Cela fait des mois que les autorités libanaises tergiversent sur l’audit juricomptable de la BDL, demandé à la fois par le mouvement de contestation et la communauté internationale. Faut-il se réjouir de la signature imminente du contrat avec la société Alvarez & Marsal ?
Dans l’état actuel des choses, l’enquête va se heurter à l’article 151 du Code de la monnaie et du crédit, qui interdit à tout employé, actuel ou ancien, de la BDL à fournir des informations liées aux clients de la BDL, ainsi qu’à la loi sur le secret bancaire. Il y a eu une tentative récente d’amender cette loi, afin de permettre la levée du secret bancaire sur les comptes des personnes politiquement exposées, des fonctionnaires et de leurs proches, ainsi qu’un cercle plus élargi de personnes influentes ou politiquement exposées. Mais au moment du vote au Parlement, les députés l’ont vidé de sa substance. Le président de la République, Michel Aoun, l’a renvoyé en seconde lecture. Si la loi est reconfirmée sans changements, le secret bancaire ne peut être levé que par la Commission nationale pour la lutte contre la corruption, qui n’a pas encore été nommée, et la Commission d’enquête spéciale, et ce à l’exclusion des instances judiciaires. Cette commission, présidée par le gouverneur de la BDL, peut être saisie dans des conditions qui rendent la procédure très difficile, ou se saisir elle-même, ce qu’elle ne fait pas. Depuis sa création en 2015, elle n’a identifié aucun cas de corruption ou de détournement de fond de la part de personnalités politiques de premier ordre ayant nécessité la levée du secret bancaire alors que de l’aveu même des politiciens, le pays croule sous la corruption.

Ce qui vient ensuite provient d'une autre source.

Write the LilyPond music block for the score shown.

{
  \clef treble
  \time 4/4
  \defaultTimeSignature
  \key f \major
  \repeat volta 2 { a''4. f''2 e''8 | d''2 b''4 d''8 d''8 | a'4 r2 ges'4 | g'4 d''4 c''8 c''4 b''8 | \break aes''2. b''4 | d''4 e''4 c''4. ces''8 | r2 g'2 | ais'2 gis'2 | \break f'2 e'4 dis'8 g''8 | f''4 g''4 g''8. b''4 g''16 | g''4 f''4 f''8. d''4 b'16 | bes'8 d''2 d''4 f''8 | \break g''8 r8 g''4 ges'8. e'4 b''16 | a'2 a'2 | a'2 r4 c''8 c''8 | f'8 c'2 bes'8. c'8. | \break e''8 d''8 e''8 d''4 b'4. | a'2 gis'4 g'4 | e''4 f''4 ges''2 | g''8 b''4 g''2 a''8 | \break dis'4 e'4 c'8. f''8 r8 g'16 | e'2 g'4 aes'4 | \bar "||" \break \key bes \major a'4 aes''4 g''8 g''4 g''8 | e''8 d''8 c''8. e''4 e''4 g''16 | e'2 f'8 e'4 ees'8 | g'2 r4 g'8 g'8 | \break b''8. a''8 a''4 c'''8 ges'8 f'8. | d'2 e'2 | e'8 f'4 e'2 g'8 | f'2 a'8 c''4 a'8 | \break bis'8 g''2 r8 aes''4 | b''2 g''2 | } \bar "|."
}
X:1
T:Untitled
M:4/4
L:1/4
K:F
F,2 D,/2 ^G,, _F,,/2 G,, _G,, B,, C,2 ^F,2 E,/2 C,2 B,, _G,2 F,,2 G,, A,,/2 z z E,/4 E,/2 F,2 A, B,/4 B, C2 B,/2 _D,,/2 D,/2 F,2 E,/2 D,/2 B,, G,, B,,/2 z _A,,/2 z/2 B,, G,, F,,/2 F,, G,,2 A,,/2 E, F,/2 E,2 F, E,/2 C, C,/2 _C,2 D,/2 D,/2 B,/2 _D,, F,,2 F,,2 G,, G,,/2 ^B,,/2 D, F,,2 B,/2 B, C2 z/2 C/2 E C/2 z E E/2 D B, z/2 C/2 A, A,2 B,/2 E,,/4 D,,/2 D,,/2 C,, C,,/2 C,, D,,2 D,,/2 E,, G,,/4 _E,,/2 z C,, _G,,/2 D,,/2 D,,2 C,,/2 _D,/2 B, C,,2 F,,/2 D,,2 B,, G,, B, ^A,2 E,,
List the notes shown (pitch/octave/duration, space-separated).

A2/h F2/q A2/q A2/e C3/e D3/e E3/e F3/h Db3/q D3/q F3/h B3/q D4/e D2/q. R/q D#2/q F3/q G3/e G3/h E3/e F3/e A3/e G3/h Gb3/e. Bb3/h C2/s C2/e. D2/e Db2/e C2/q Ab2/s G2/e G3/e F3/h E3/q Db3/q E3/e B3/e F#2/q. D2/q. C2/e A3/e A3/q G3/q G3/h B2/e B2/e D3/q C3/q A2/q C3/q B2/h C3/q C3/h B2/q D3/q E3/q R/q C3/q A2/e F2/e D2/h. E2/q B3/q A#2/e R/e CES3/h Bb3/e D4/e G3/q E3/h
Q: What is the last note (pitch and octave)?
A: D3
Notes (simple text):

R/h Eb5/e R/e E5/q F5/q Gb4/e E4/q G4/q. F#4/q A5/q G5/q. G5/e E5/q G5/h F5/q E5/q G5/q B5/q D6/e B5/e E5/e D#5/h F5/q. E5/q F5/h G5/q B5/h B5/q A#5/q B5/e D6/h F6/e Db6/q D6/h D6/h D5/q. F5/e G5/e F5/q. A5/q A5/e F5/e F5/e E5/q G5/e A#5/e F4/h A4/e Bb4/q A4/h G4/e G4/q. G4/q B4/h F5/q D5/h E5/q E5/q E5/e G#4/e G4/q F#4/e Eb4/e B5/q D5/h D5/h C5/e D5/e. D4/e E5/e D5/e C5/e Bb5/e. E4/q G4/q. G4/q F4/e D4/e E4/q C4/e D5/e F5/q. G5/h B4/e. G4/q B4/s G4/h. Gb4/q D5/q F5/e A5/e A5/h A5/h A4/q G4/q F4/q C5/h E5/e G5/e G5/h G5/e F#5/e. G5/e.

Plus récemment, dans l’affaire des transferts à l’étranger qui ont lieu après le 17 octobre, la commission a refusé une demande de la justice, au motif que l’origine des fonds n’était pas douteuse. Là encore, on se heurte à la loi sur l’enrichissement illicite votée en 1954 et amendée en 1999. Selon cette loi, il ne suffit pas de montrer qu’un employé du secteur public s’est enrichi de manière inexpliquée, il faut apporter la preuve des crimes sous-jacents, ce qui est très difficile. Des amendements à cette loi ont été proposés, mais ils n’ont pas encore été votés.
Dans ce contexte, plutôt que de soumettre le contrat avec Alvarez & Marsal aux lois en vigueur au Liban, l’État doit au contraire inclure des dispositions garantissant que l’audit ne tombera pas dans ces écueils. Une proposition est de faire participer Eggmond Group, un forum d’échange pour les cellules de renseignement financier dont le Liban est membre. Une autre est d’inclure des conditions suspensives dans le contrat, dont la durée est limitée à quelques semaines. Cela permettrait à l’État de suspendre la mission, et donc le paiement, si la société se heurte à un obstacle légal, en attendant d’y remédier, ce qui mettrait le Parlement devant ses responsabilités. Sans cela, l’audit juricomptable de la BDL risque de ne mener à rien. La communauté internationale pourrait se contenter de cette mesure mais les Libanais, eux, passeront à côté d’une occasion unique de demander des comptes à leurs dirigeants.